Tagebucheintrag, Samstag 26.10.2019

Geschützt, unter meinem roten Regenschirm, suche ich nach einem trocknen Platz zum Zeichnen. In der Goldsmith Street ist ein solcher Platz nicht zu finden. An einer Uferstraße laufe ich am tosenden Meer entlang. Dabei entdecke ich den kleinen Arulmigu Angalamman-Tempel. Durch das Gitter kann ich auf die bunt bemalten, lebensgroßen Götterfiguren sehen.
Am Meer setze ich meinen Weg fort und blicke erstaunt auf zahlreiche Ruinen von tamilischen Fischerhäusern, die nach dem Tsunami im Jahre 2004 bis auf die Grundmauern zerstört wurden. Ein trauriger, aber zugleich ein inspirierender Ort. Sofort habe ich die Idee, diese Gebäudereste mit Fragmenten meiner aktuellen Gebäudezeichnungen zu bemalen.
Unter riesigen Kokospalmen finde ich einen verlassenen Friedhof. Noch immer auf der Suche nach einem Ort, an dem ich im Trockenen zeichnen kann, laufe ich weiter an Ruinen von ehemaligen Fischerhäusern und an provisorisch aufgebauten Gebäuden vorbei.

Auf der Queens Street entdecke ich die überdachte Terrasse eines Rohbaus mit einem perfekten Ausblick auf ein Eckhaus.
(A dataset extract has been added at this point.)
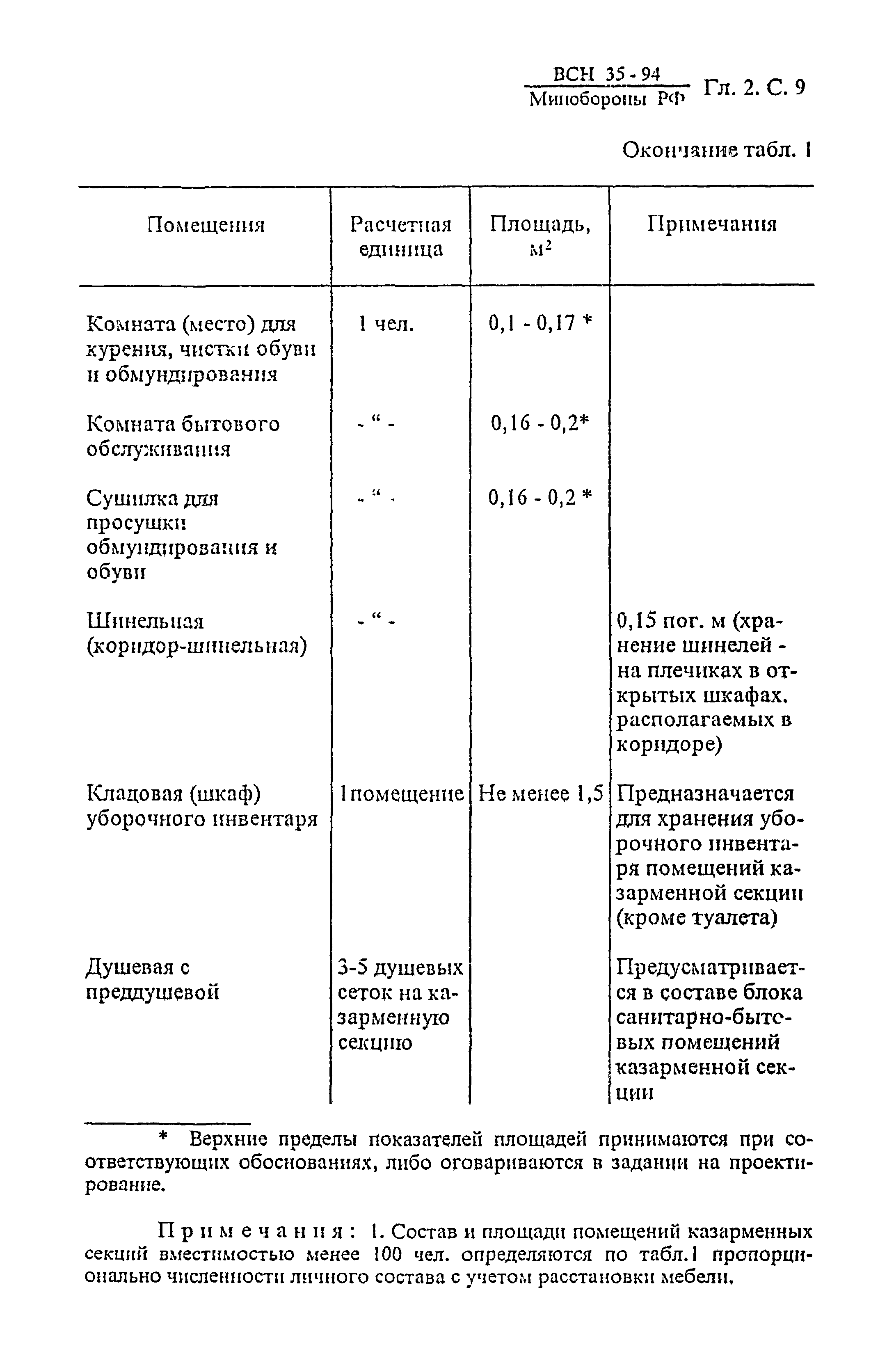 ВСН 35-94 МО РФ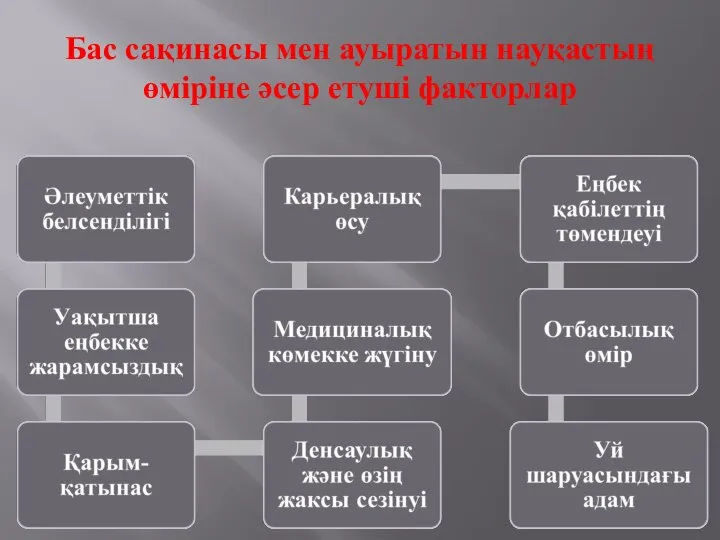 Бас сақинасы мен ауыратын науқастың өміріне әсер етуші факторлар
Hier kann ich bleiben! Während ich die ersten Striche auf das Papier setze, lärmt von einem brachliegenden, zugewucherten Grundstück eine Kettensäge.
Inzwischen regt sich im Rohbau etwas Leben. Ein kleines Mädchen kommt zu mir, begrüßt mich freundlich und schaut mir zu. Hinter uns beobachten die Oma und ihre Mutter.
Laut rufend läuft die alte Fischverkäuferin trotz des Regens wieder mit einer großen Aluminiumschüssel auf dem Kopf vorbei. Plötzlich erscheint erneut das kleine Mädchen und zeigt mir lächelnd ein zerfleddertes Schulheft und Filzstifte. Mit ihrem roten Kleid mit weißen Punkten setzt sie sich auf die staubigen Treppenstufen in meine Nähe. Absichtlich hält sie ihr Schulheft so, dass ich nicht sehen kann, was sie zeichnet. Über einen langen Zeitraum zeichnet das Mädchen konzentriert.
Ein Motorrad hält plötzlich vor mir, und ein Fischer steigt mit schmutzverkrusteten aufgedunsenen Händen und Füßen ab. Es scheint, als käme er direkt von seinem Fischerboot. Neugierig sieht er mir kurz über die Schulter und begrüßt mich dann mit einem kräftigen Handschlag. Er öffnet vor mir einen Beutel und ich sehe auf dutzende kleine silberne Fische.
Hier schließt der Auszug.